Sunday, February 14, 2010

Owning and Possessing

Shelby is quite right to observe that owning and possessing are closely allied, though distinct. In fact, possession is neither necessary nor sufficient for property. I can, at least under prevailing cultural practices, rightly claim to own something that is long out of my possession, such as the circular saw I loaned to a colleague six months ago, or the car I bought in graduate school that someone stole in Chicago (wherever it is it's still mine, dammit, and I want it back even if it is 40 years old now). Likewise I may possess many things that do not belong to me, such as the snowblower my neighbor stores in my garage in exchange for letting me use it, the stack of library books on my desk (both cases of justified possession that do not entail ownership) or the Bob Dylan CD I once vindictively hid from my ex-wife when she moved out (a clear case of theft and other moral limitations).

Yet frequently we do possess what we own, and also own what we possess, and possession (or the control over things that it implies) seems a logical precursor to more formal property arrangements. We might speculate that the rightful ownership Locke describes as existing in a state of nature could have grown out of the pragmatic and psychological attachment people tend to have to the things they make, use, and identify with.

5 comments:

keane s lundt said...

I think too, there are degrees of ownership, and while we may own something completely; it’s difficult to see how we might own a thing absolutely. (If absolute ownership entails that under no conditions exterior to the self—these powers be forfeited. Theft, seizure, etc.) We might say that we own a home, or car, but if we have a mortgage or loan on such property, we are not the sole owners—we have a stake in the property but so does the bank, or loan lender, etc.. We might possess a minor or major claim on the property; but we do not own it exclusively. This applies also to a homeowner who does not have a mortgage, and is the sole owner of a home, or property. This property might be seized in any number of ways. (Failure to pay property taxes, federal taxes, D.E.A.) I think the idea of use and possession "as a logical precursor to more formal property arrangements" makes sense; and, what might Locke think of such property as vacation homes visited two or three weeks yearly? I tend to donate things (clothes, furniture, etc.) that I do not wear or use; and I do so on the speculation that these donated items will be put to good use. It might be an interesting thought experiment to define "usage" as a necessary condition for ownership--

Matt Silliman said...

The notion of use -- for the reasonable enjoyment of life -- as a desideratum of justifiable property claims is explicit in Locke. We should try to take seriously the implications of this in our conversation Wednesday.

Shelby said...

I agree; the concept of absolute ownership seems impossible to me. I can't think of anything that could not be stolen, seized, incinerated, or lost with one's death. I think there are certainly degrees of ownership, but one cannot own something absolutely.

NickL said...

I think that the notion of use being important to property claims makes sense.
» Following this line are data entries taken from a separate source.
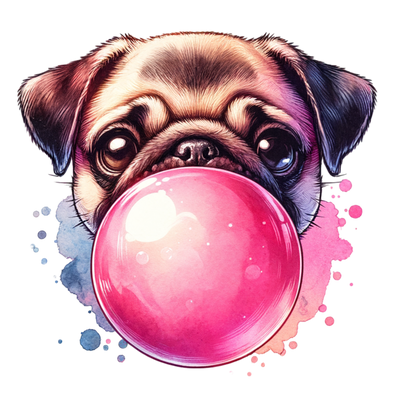PUG BLOWING A BUBBLE DTF (direct-to-film) Transfer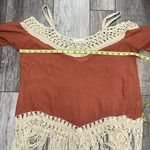Dreamers Boho Hippie Off Shoulder Fringe Blouse Top Burnt Orange Cream Size XL Photo 9
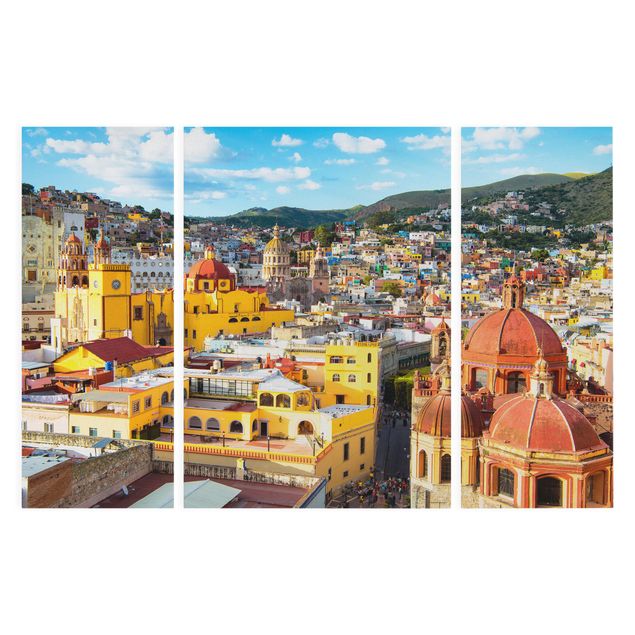 Tableau avec couleur orange Maisons colorées Guanajuato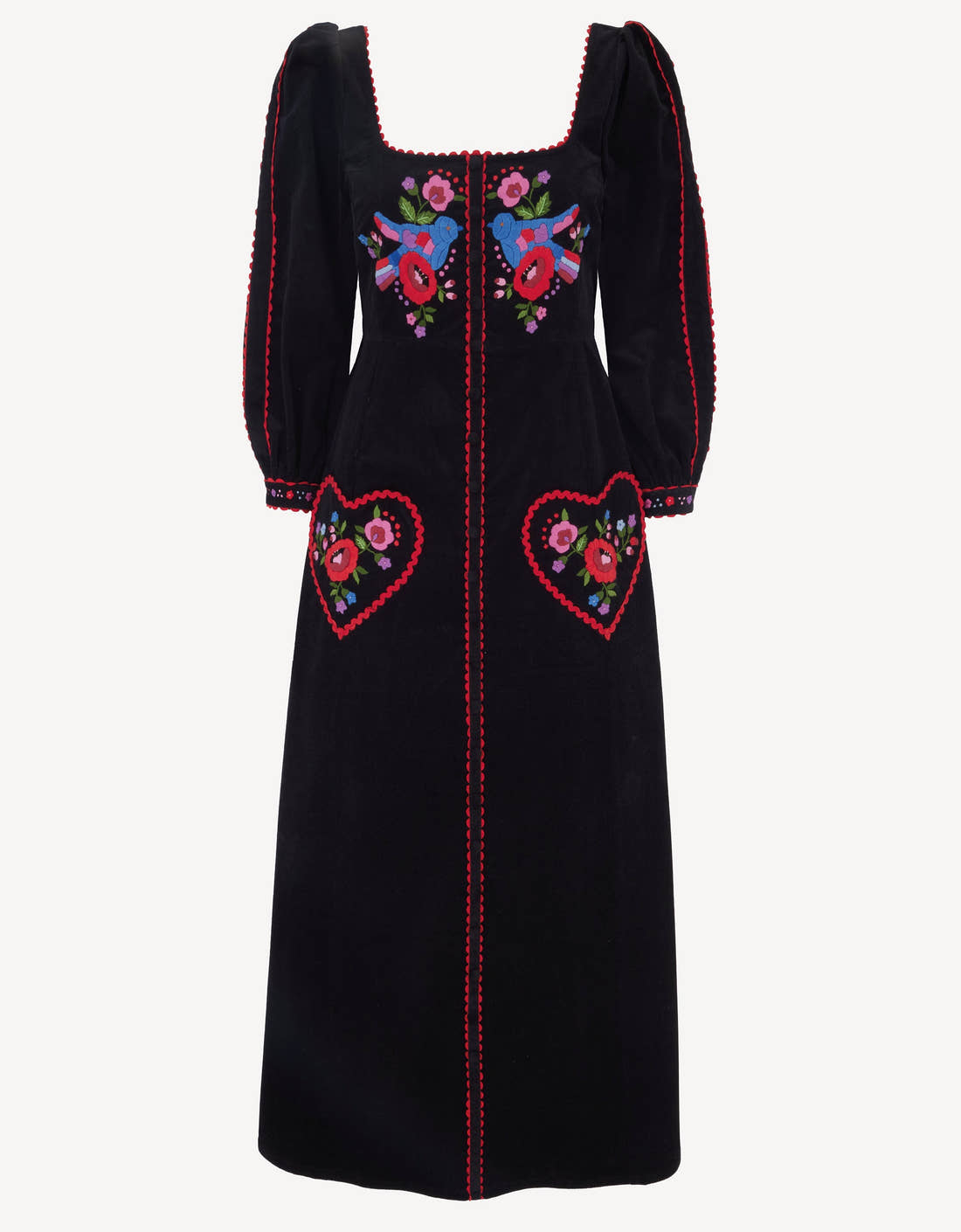Pink City Prints Love Bird Embroidery Olivia Dress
After all, if you claim to own something that you never use/never plan on using, while this thing could actually be used by others (who would use it for the "reasonable enjoyment of life") then it could be argued that your right to whatever the thing is would be diminished.
For example, if I happened to own a particularly nice winter coat, but I never used it because I had a better one, and also because the coat is a color I hate, then it would seem almost immoral if I demanded the prosecution of, say, a homeless person who stole the coat in order to survive sleeping outside in cold weather.
Legally, the homeless person was in the wrong for stealing something that was rightfully mine, but in the bigger picture, I would be even more in the wrong for punishing them for taking something of mine that I never used/didn't plan on ever using when the the object could have been put to much better use if owned by the homeless person.

Matt Silliman said...

I agree with Nick about the coat -- and that's what Locke's so-called "charity" proviso is about. The homeless person needs it and cannot otherwise provide for himself, the coat is an unused spare, so it actually already belongs to him. Taking would not be stealing (though Locke does not specify how he thinks the transaction should occur, the moral principle is clear).

As for absolute property, the point is not that it could be stolen, since that does not remove the right to it (property being fundamentally a matter of right rather than possession). Shelby seems correct, though, to observe that the fact of human mortality means we never own anything forever, so our right to it is not total. But could it ever be absolute in the moment? Might we own something, say our very selves, in an otherwise unqualified sense?